**TASK REQUIREMENTS**
Please output the listing below character for character and omit the images.

**RAW DATA**
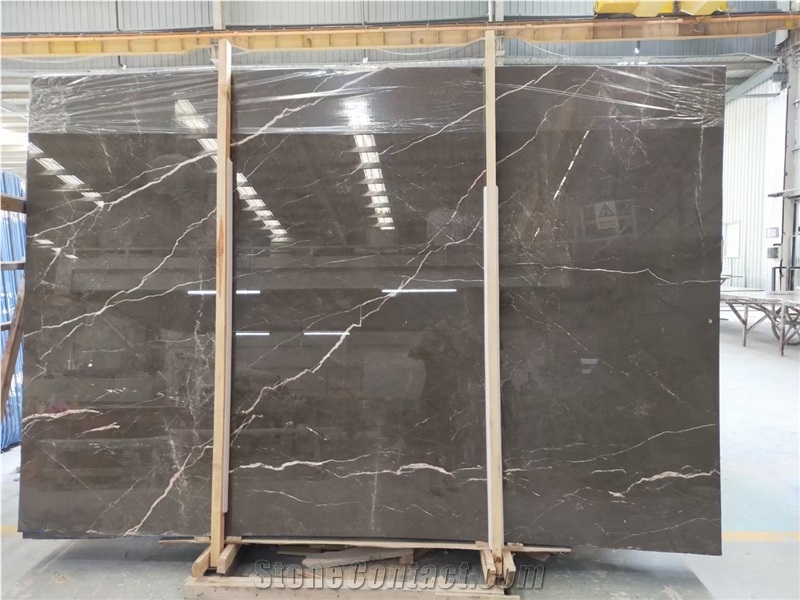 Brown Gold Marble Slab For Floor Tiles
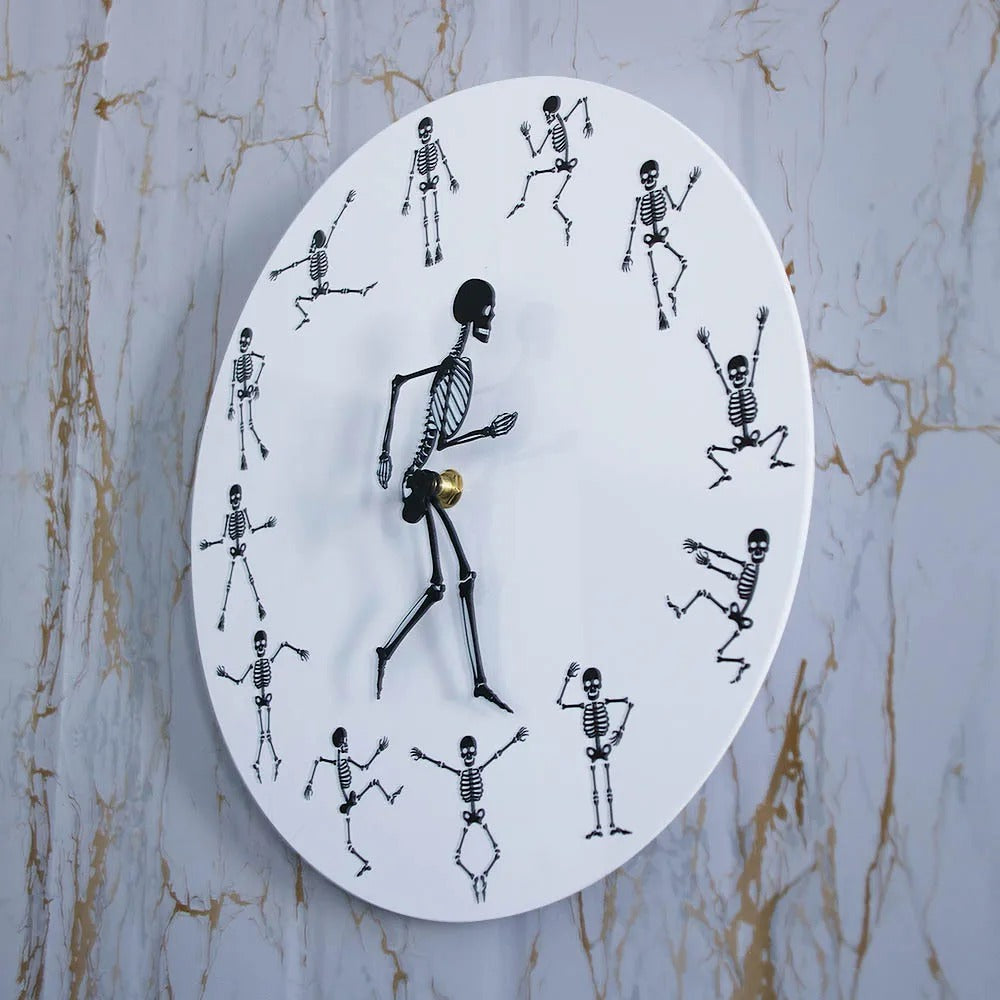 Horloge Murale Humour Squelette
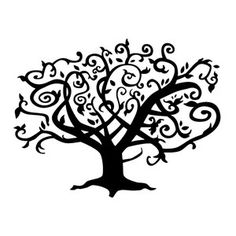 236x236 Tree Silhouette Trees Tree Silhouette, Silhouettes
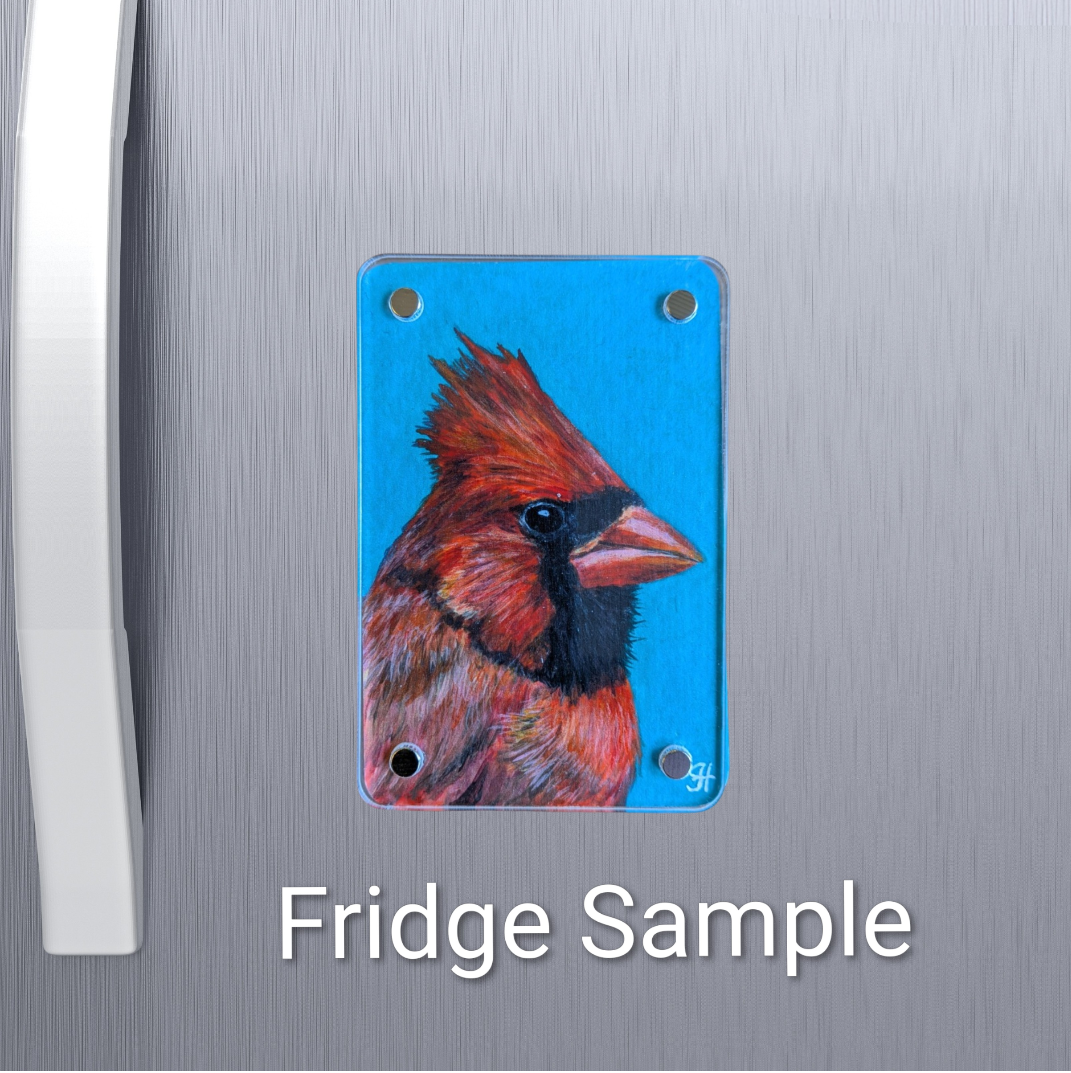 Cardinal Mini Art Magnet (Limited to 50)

**RESPONSE AREA**
 Brown Gold Marble Slab For Floor Tiles
 Horloge Murale Humour Squelette
 236x236 Tree Silhouette Trees Tree Silhouette, Silhouettes
 Cardinal Mini Art Magnet (Limited to 50)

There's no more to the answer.